Wreszcie pogodnie, nareszcie ciepło. Czerwiec zapisał się bardziej kolorowo w moim CALendarzu. Malutkie kółeczka (u mnie nie są to kwadraciki) zapełniły się kwiatkami, truskawkami, sernikami na zimno:) Malutkie okładki przeczytanych książek.
Sporo pracy w ogrodzie, wśród roślin, ale i odpoczynek na tarasie.
Weekedowy wyjazd i niestety tragiczna wiadomość. Jak w życiu... czasem słońce, czasem deszcz:)
Pod koniec czerwca tradycyjnie wyjeżdżam na 14 Dolnośląskie Warsztaty Craftowe do Wrocławia. Zawsze świetnie się tam bawię. Tym razem przygotowałam materiały i taga na wymiankę. Pewnie pokażę Wam to wszystko w następnym poście.
Moje calineczki naklejam na szarych torebkach spożywczych, a to wszystko spinam kółkami.
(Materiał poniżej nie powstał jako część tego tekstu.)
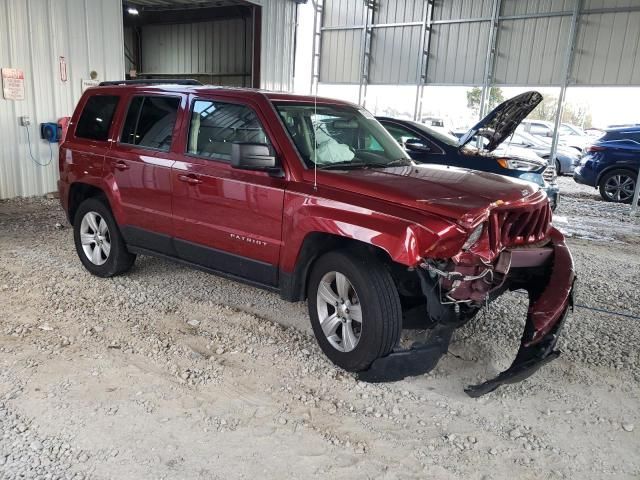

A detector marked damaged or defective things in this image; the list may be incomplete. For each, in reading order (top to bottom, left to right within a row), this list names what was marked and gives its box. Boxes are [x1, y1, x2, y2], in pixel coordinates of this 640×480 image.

damaged red suv [58, 81, 576, 398]
crushed front bumper [358, 227, 576, 396]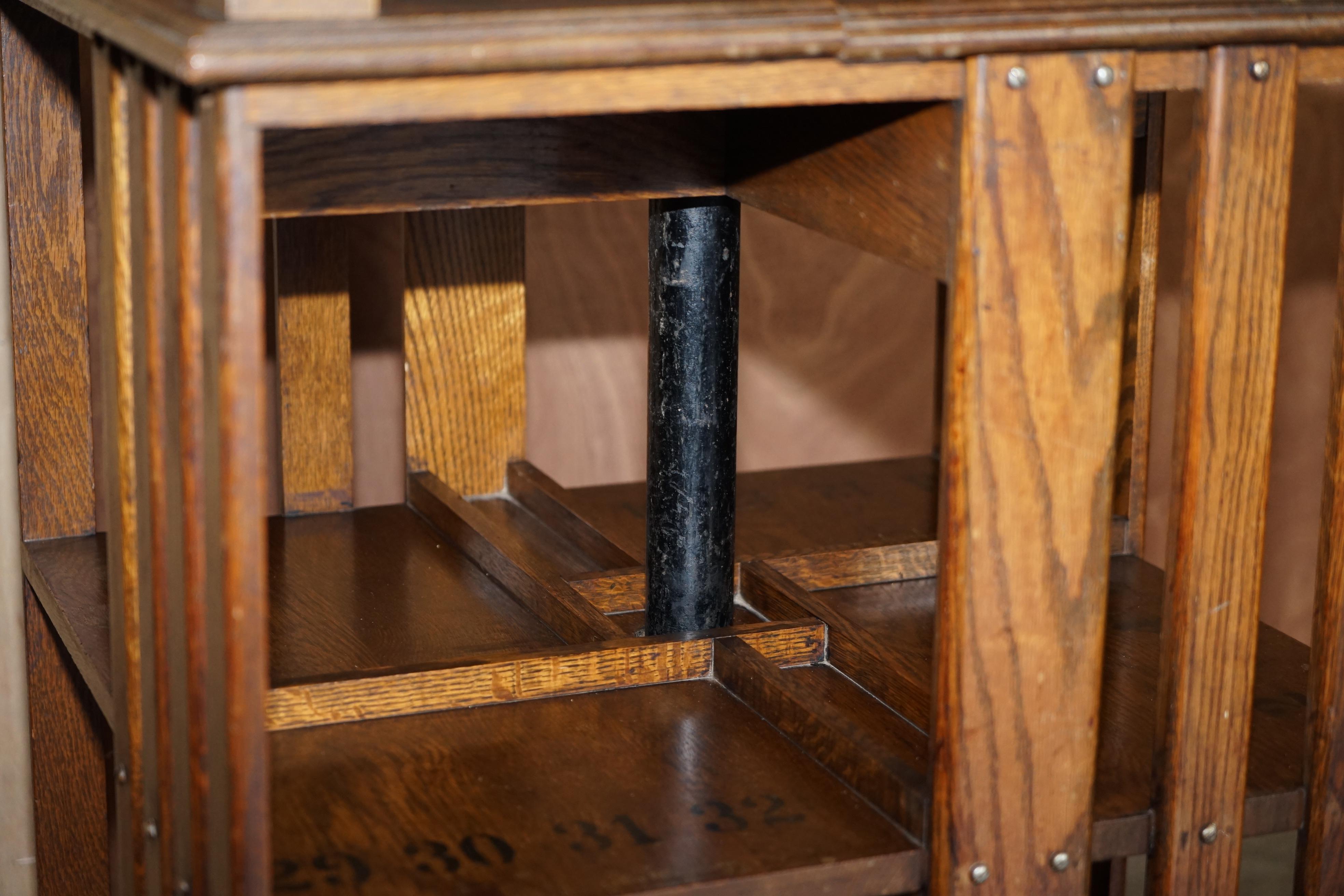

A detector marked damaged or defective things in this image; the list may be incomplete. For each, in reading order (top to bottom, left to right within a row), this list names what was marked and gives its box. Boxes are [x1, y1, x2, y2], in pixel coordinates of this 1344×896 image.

Jakby nie patrzeć, minęła połowa roku:)
Kolejny zamek zaliczony!
Truskawkę pokryłam Glossy, zyskała połysk i głębię:)
Czerwiec obfituje w okazje do biesiadowania:) Trzy osoby z rodziny obchodzą urodziny, Dzień Mamy i Taty, do tego długi weekend. Serniki na zimno, lody i truskawki zajadaliśmy więc na okrągło:)
Calineczki wykonałam na wezwanie CALendarz 2017 na blogu UHK-Gallery.